Après la crise du Levothyrox, le rapport de mission « Information et médicaments » présidée par le Dr Gérald Kierzek (urgentiste et journaliste) et Magali Leo (association Renaloo), a rendu hier ses propositions pour améliorer l’information sur les médicaments.
Le rapport Kierzek-Leo souligne d’abord les biais du système. L’ANSM aurait opté pour une communication centrée sur « la meilleure stabilité » de la nouvelle formulation, au lieu d’analyser et de répondre aux effets indésirables rapportés par les malades. « Le système traditionnel est trop rigide et lent », conclut encore le rapport.

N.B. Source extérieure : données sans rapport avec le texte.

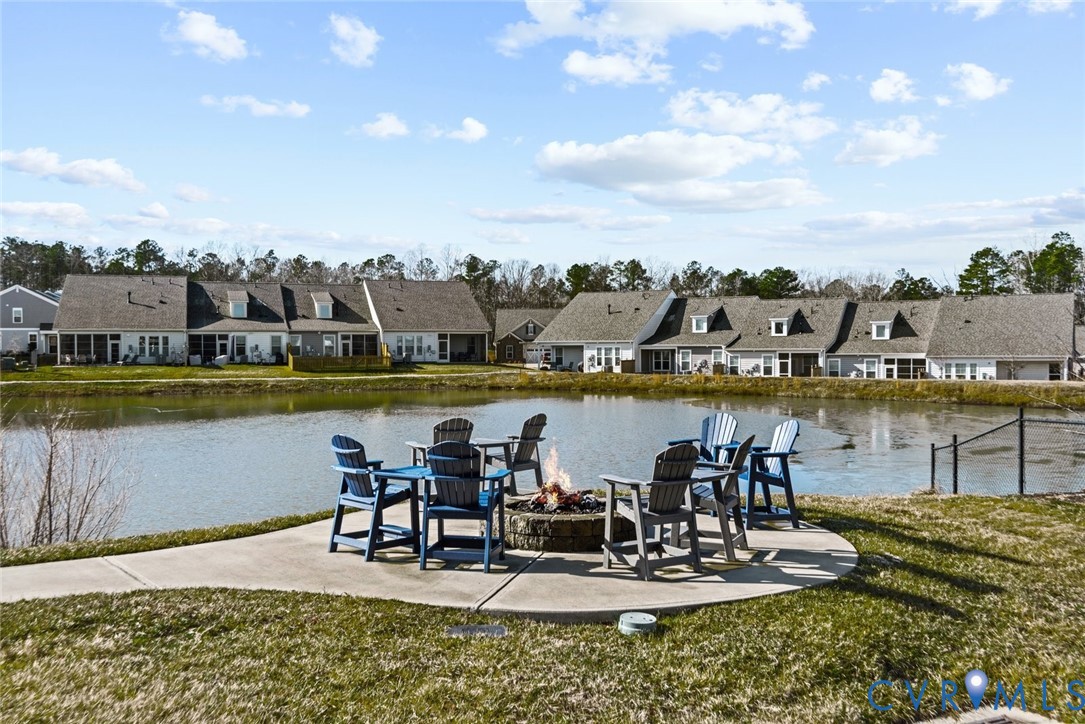 6655 Citory Way, Unit 103 Moseley, VA 23120 - Photo 46 of 48 a view of a lake with houses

Le ministère compte sur les nouvelles technologies pour « repérer des signaux faibles d’alerte en dehors du système de pharmacovigilance » et la mise en place du DMP sur l’ensemble du territoire national à partir d’octobre pour faciliter et optimiser la coordination entre professionnels de santé. Suite aux propositions du rapport, le ministère de la Santé a également annoncé son intention de « mettre en place une source unique d’information sur le médicament en s’appuyant sur sante.fr » et d’y intégrer la base de données publique medicaments.gouv.fr. L’outil DGS-Urgent sera étendu à tous les libéraux pour améliorer encore la mobilisation des professionnels en cas d’alerte. La communication d’urgence portant sur un médicament reviendra bien sûr à l’ANSM avec l’appui du CASAR ou Centre d’appui aux situations d’urgences, aux alertes sanitaires et à la gestion des risques, outil créé il y a tout juste un an. Évidemment, le rapport insiste sur la nécessité de donner aux citoyens un meilleur accès aux données, ce qui passe par une structuration qui la rende intelligible. Autre proposition pour assurer la transparence : intégrer des représentants d’usagers au sein du CEPS (Comité économique des produits de santé) qui négocie les prix avec les laboratoires.